Engine Communication
You access Control Hub using a web browser. You use Control Hub to deploy engines to your corporate network, which can be on-premises or on a protected cloud computing platform.
Control Hub works with the deployed engines when you design pipelines and when you run pipelines from jobs.
- Control Hub
- Deployed engines use encrypted REST APIs to communicate with Control Hub. Engines initiate outbound connections to Control Hub over HTTPS on port number 443.
- Web browser
- The web browser also uses encrypted REST APIs to communicate with Control Hub, initiating outbound connections to Control Hub over HTTPS on port number 443.
WebSocket Tunneling
By default, the web browser uses WebSocket tunneling to communicate with deployed engines.

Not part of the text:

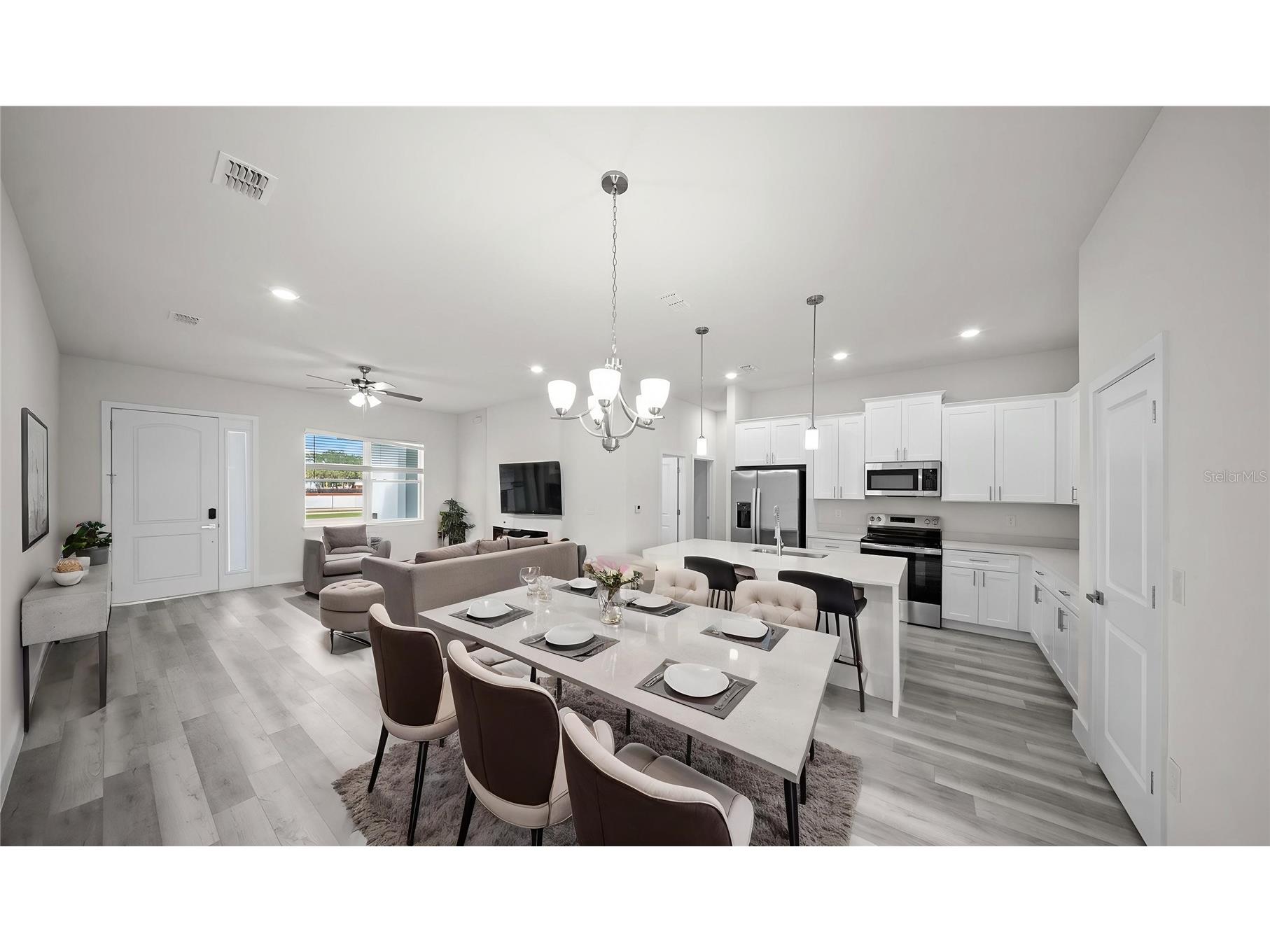 18097 Cochran Boulevard Port Charlotte FL 33948 A4686864 image6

When an engine starts up, the engine uses the WebSocket Secure (wss) protocol to establish a WebSocket tunnel with Control Hub over an encrypted SSL/TLS connection. Control Hub serves as the WebSocket server, and acts as an intermediary between the browser and the engine.
When you design pipelines or monitor jobs with WebSocket tunneling enabled, the web browser initiates outbound connections to Control Hub over HTTPS on port number 443. Control Hub then uses the encrypted WebSocket tunnel to communicate with the engine. The engine securely passes the requested data back through the WebSocket tunnel to Control Hub, and then the browser receives the data from Control Hub over HTTPS. Control Hub decrypts and then re-encrypts the data as it passes through. Control Hub does not use or inspect the data.
Each engine uses a single WebSocket tunnel connection that remains active until the engine restarts. Multiple users can use the same connection to securely request data from the engine. WebSocket tunneling ensures that your data is secure and does not require additional setup.
However, when you preview a pipeline or capture a snapshot of an active job, your source data does pass through encrypted connections beyond your corporate network into Control Hub, and then back to your web browser. If your data must remain behind a firewall due to corporate regulations, you can configure the browser to use direct engine REST APIs to directly communicate with the engines behind the firewall.
The following image shows how the web browser uses a WebSocket tunnel to communicate with engines:
Direct Engine REST APIs
When your source data must remain behind a firewall due to corporate regulations, you can configure the web browser to use direct engine REST APIs to communicate with engines deployed behind the firewall.
To use direct engine REST APIs, complete the following tasks:
- Enable engines to use the HTTPS protocol.
- Ensure browser access to the engines.
- Choose the direct engine REST APIs communication method in your browser settings.
- Optionally, require all users to use direct engine REST APIs.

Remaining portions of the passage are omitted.